By Susan Doolan, Special to Postmedia Network

Oakville author Michael Mirolla returns to Barrie this week for his third Word Up event with a new novel called Torp. He will be talking about his book and doing a reading Thursday at Unity Market Cafe & Studios, located at 25 Toronto St., beginning 7 p.m. JOSEF HOCHLEITER/PHOTO

Oakville author Michael Mirolla returns to Barrie this week for his third Word Up event with a new novel called Torp. He will be talking about his book and doing a reading Thursday at Unity Market Cafe & Studios, located at 25 Toronto St., beginning 7 p.m. JOSEF HOCHLEITER/PHOTO

Michael Mirolla returns to Barrie this week for his third Word Up event with a new novel called Torp.

The Oakville-based author recently returned from a promotional tour of western Canada and says he’s looking forward to the Barrie event.

“It’s quite interesting. It’s an organic restaurant and we gather there a little early and we read, promote our latest book usually (for) 10 to 15 minutes because after that the snore factor comes into effect,” he said with a laugh.

“There are usually four readers (and) there would be Q&A option for several writers," Mirolla added.

Torp is set in Vancouver during the 1970s. The idea for it goes back to when Mirolla was working on his master’s degree in creative writing at the University of British Columbia.

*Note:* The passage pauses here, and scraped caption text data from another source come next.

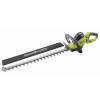 TAILLE-HAIE ELECTRIQUE 600W 60CM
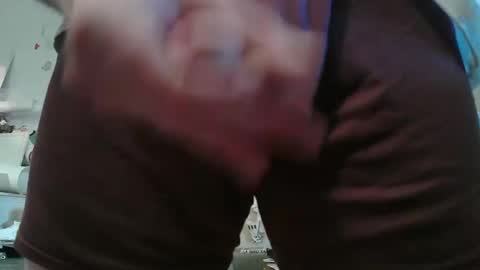 brad1346 online show from March 2025 10:31:02 PM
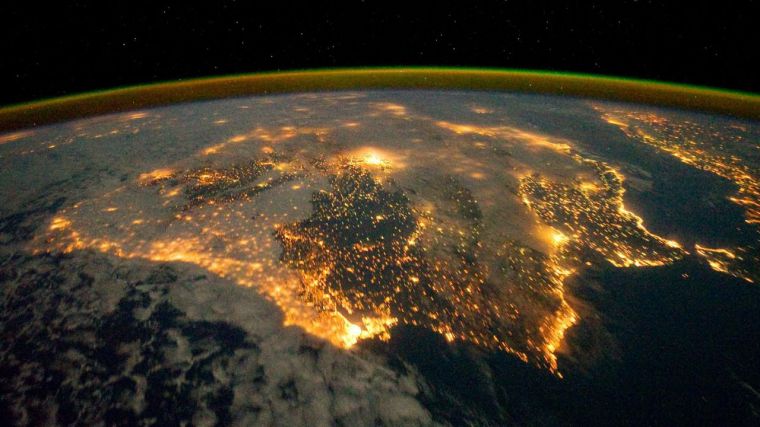 Casi 2 millones de españoles se benefician del Ingreso Mínimo Vital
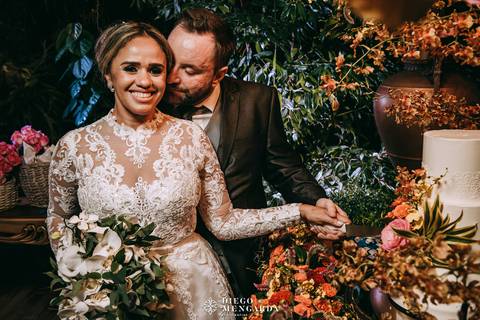 Fotógrafo de casamento em Timbó, Fotógrafo de casamento Pomerode, casamento pomerode, local casamento pomerode, local casamento Timbó, casamento em pomerode, melhor fotografo casamento de pomerode, melhor fotografo de sc.'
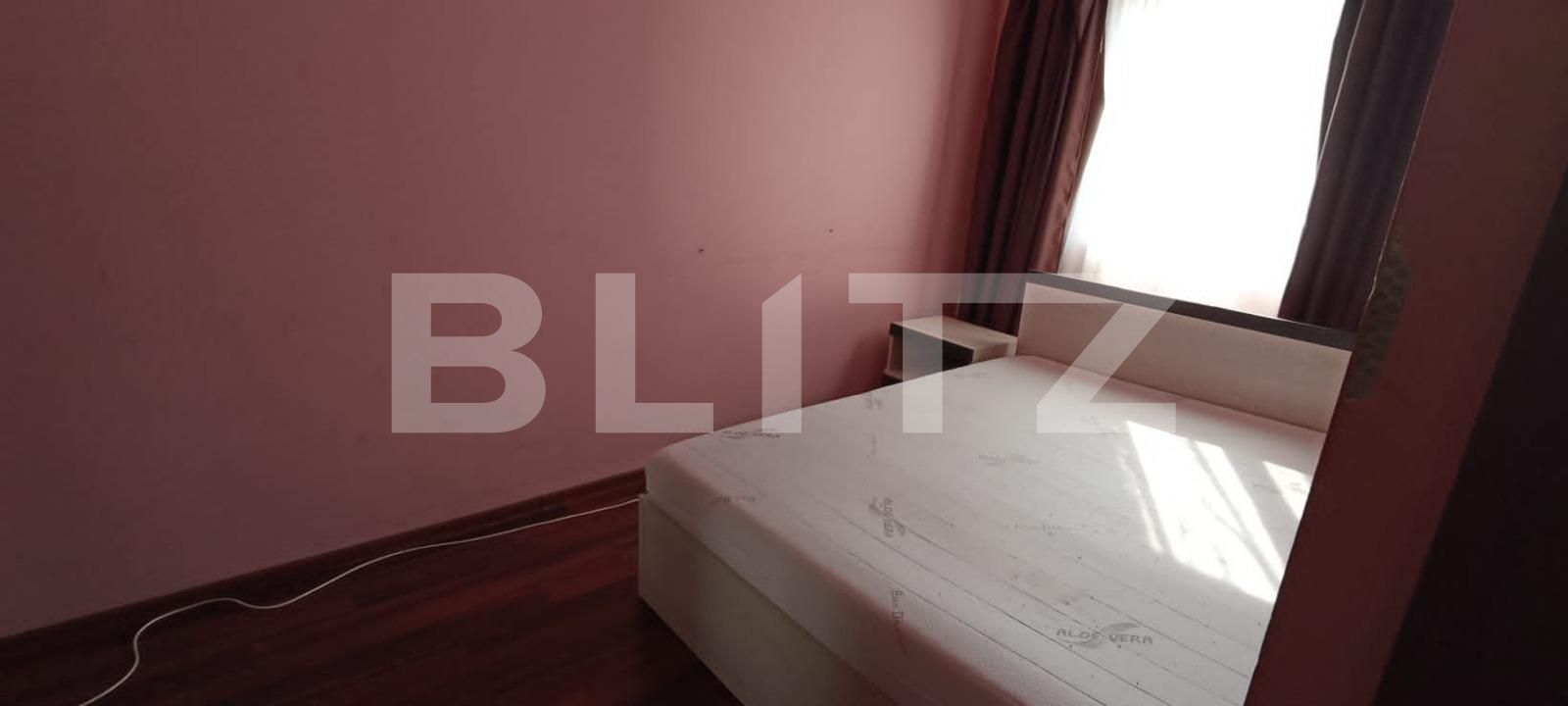 Apartament de vânzare 2 camere Cetate - 96194AV | BLITZ Alba Iulia | Poza3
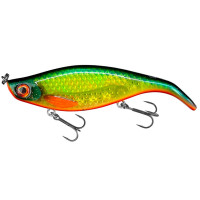 Воблер Söder Tackle Scout Lip 140mm 57g #Glen Grant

The book is part mystery, love story with political and philosophical elements, and it centres on a couple and a student they become involved with ... who may or may not be terrorist.

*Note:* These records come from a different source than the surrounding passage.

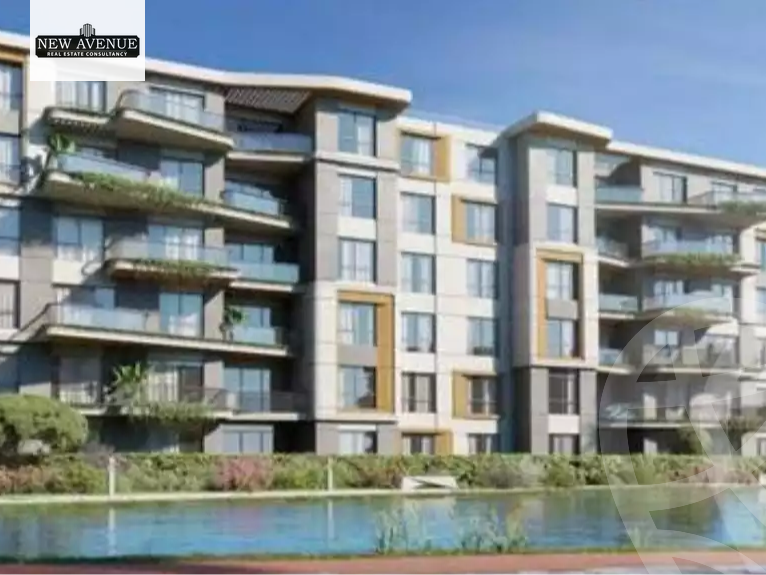 https://aqarmap.com.eg/ar/listing/5944403-for-sale-cairo-new-cairo-compounds-cleo-water-residence-palm-hills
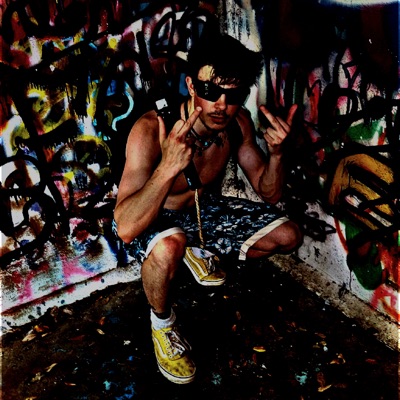 Listen to undefined, watch music videos, read bio, see tour dates & more!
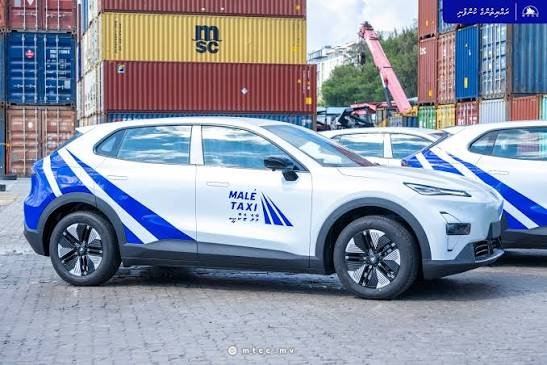 Ahmed Mauroof tweet media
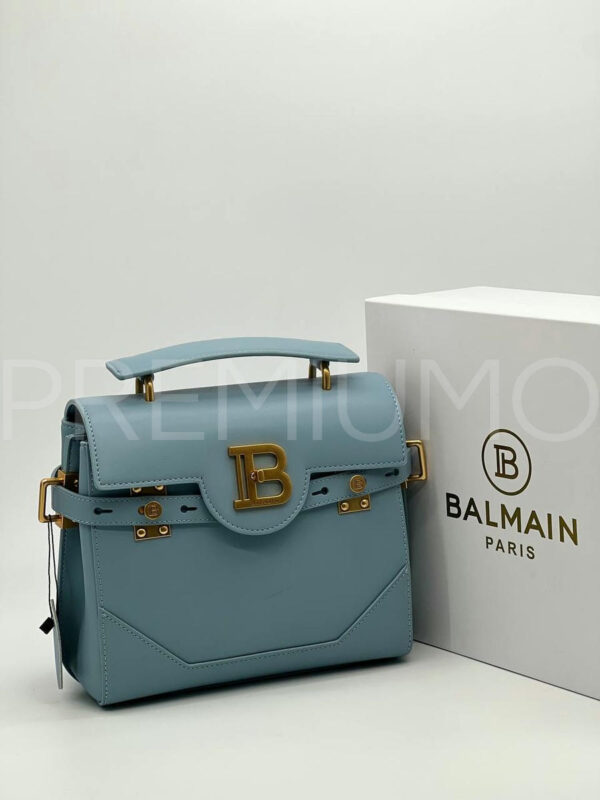 Balmain сумка PR299869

There is also a crazy landlord.

Mirolla writes in two voices, first Nicole di Orio and then her husband Giulio, alternating chapter by chapter.

“Structure to me is one of the most important things. The way the book is put together, the points of view you’re going to take is just as important as the actual story,” he said. “I think you have to be innovative in your structure. (Writers) who have been doing that over the last century have turned fiction on its head. If you ignore it, you’re not true to the craft.”

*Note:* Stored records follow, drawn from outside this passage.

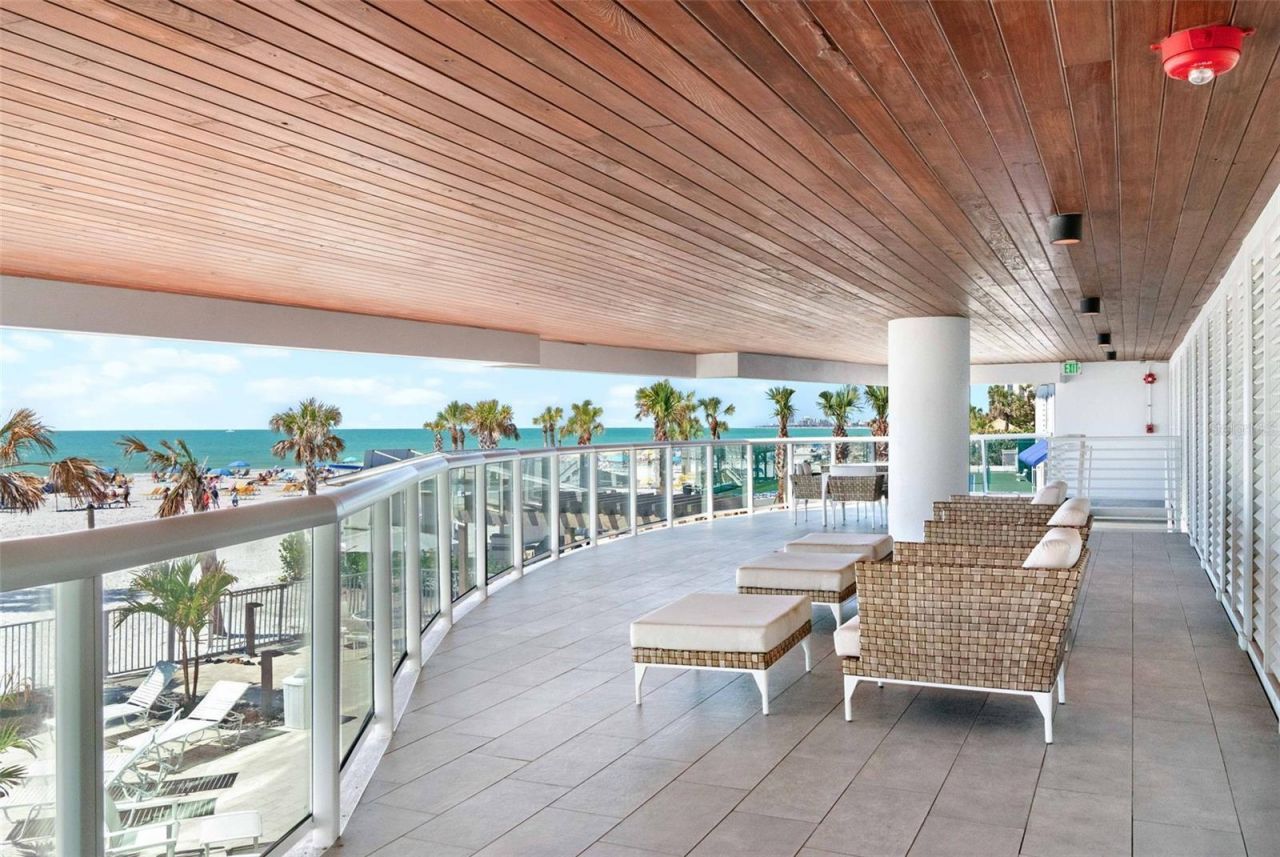 1035 Seaside Drive, Unit 603, Sarasota, FL 34242 Photo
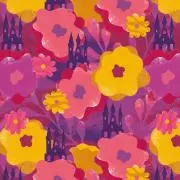 Linnaの画像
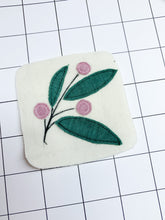 Load image into Gallery viewer, Keep Your Woolies On - Wool Repair Patches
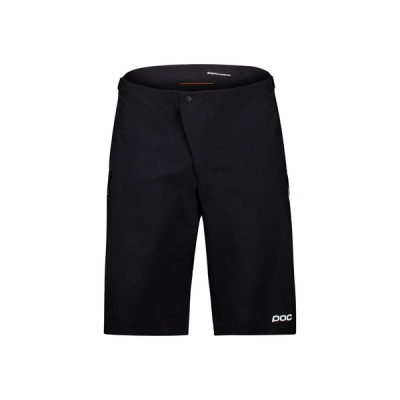 POC Men's Motion Shorts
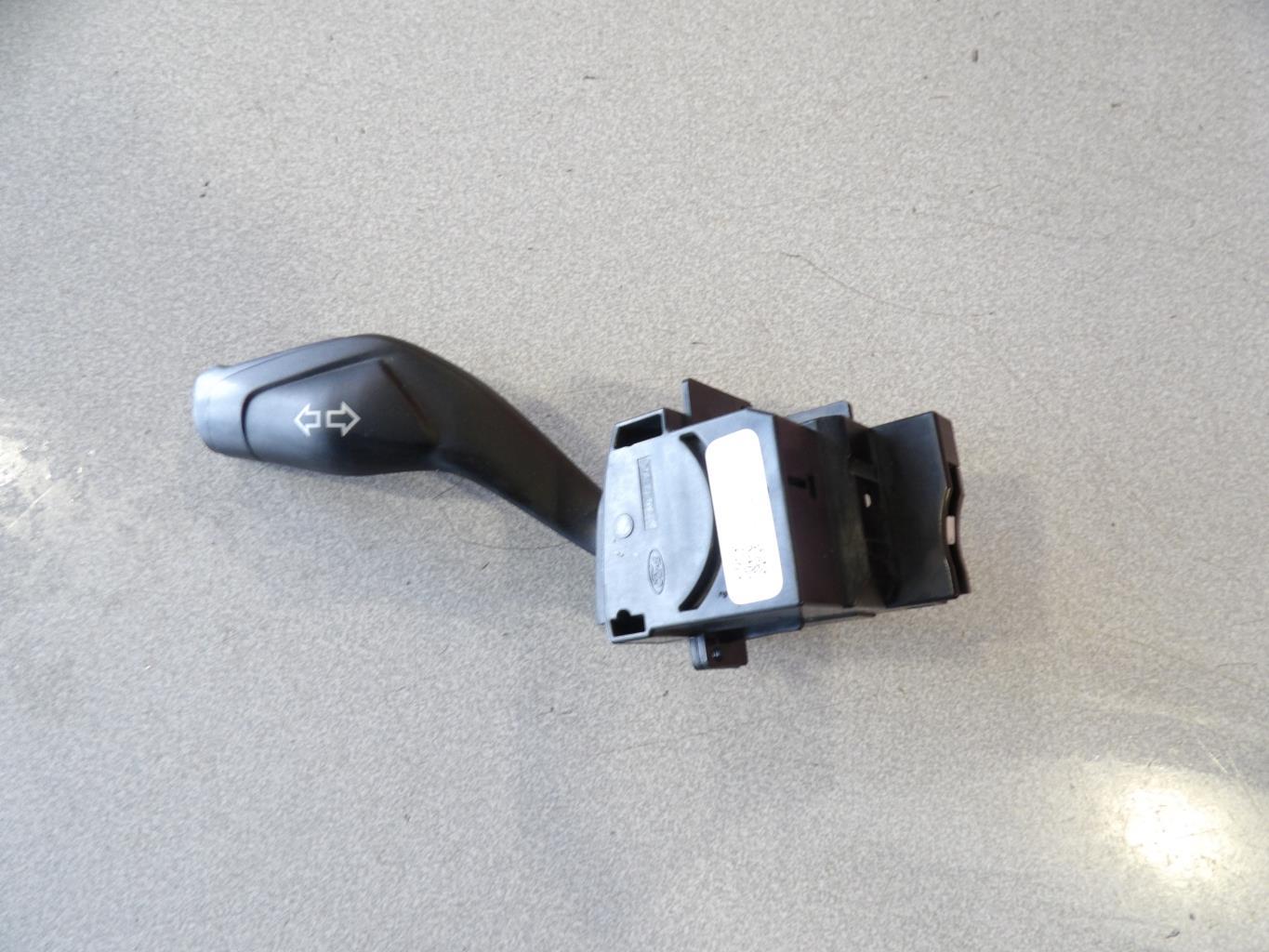Commodo phare FORD C-MAX 2 PHASE 1 Diesel - 1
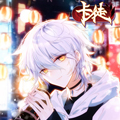 卡徒漫画免费阅读_卡徒在线漫画观看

Torp is Mirolla’s third novel. The first, Berlin, won the 2010 Bressani Prize and his second, The Facility, is a futuristic look into a cloning facility that produced a string of Mussolinis.

He has 10 publication credits to his name, running the gamut from a poetry collection The House on 14th Avenue, which won the 2014 Bressani Prize, to short stories.

A Theory of Discontinuous Existence was selected for The Journey Prize Anthology of the year’s 10 best short stories while The Sand Flea was a first-prize winner at the 2006 Arkansas College Media Association Convention and was nominated for the US Pushcart Prize.

He has also written three plays which were produced professionally as well as a couple of feature-film scripts. He has recently completed a collection of poetry which he is in the process of sending out for publication and is working on a novel that he began in the mid-1990s.

When Mirolla is not writing, he works at one of the top literary presses in Canada. He is publisher and editor-in-chief at Guernica Editions, which publishes approximately 30 books each year and also has imprint called MiroLand for more popular material such as memoirs, how-to books, and last year, a graphic novel, were published for a total of 10 books.

Mirolla doesn’t publish his own books, preferring to keep the two separate.

Torp was published by Linda Leith Publishing in Quebec.

Mirolla's interest in writing goes back to grade school when he would create what he calls “little stories."

In high school, he had several teachers who allowed him to write short stories for his assignments.

At McGill University, he did a year of chemistry, physics and math before becoming bored with it and switching his major to English.

He met his wife, Jackie, while at McGill and the two will mark their 45th wedding anniversary next February. They have two adult children and four grandchildren.

Mirolla was born in Italy, the middle child of three boys, and came to Canada when he was five years old. He was raised in Montreal.

He will be talking about his book and doing a reading Thursday at Unity Market Cafe & Studios, located at 25 Toronto St., beginning 7 p.m.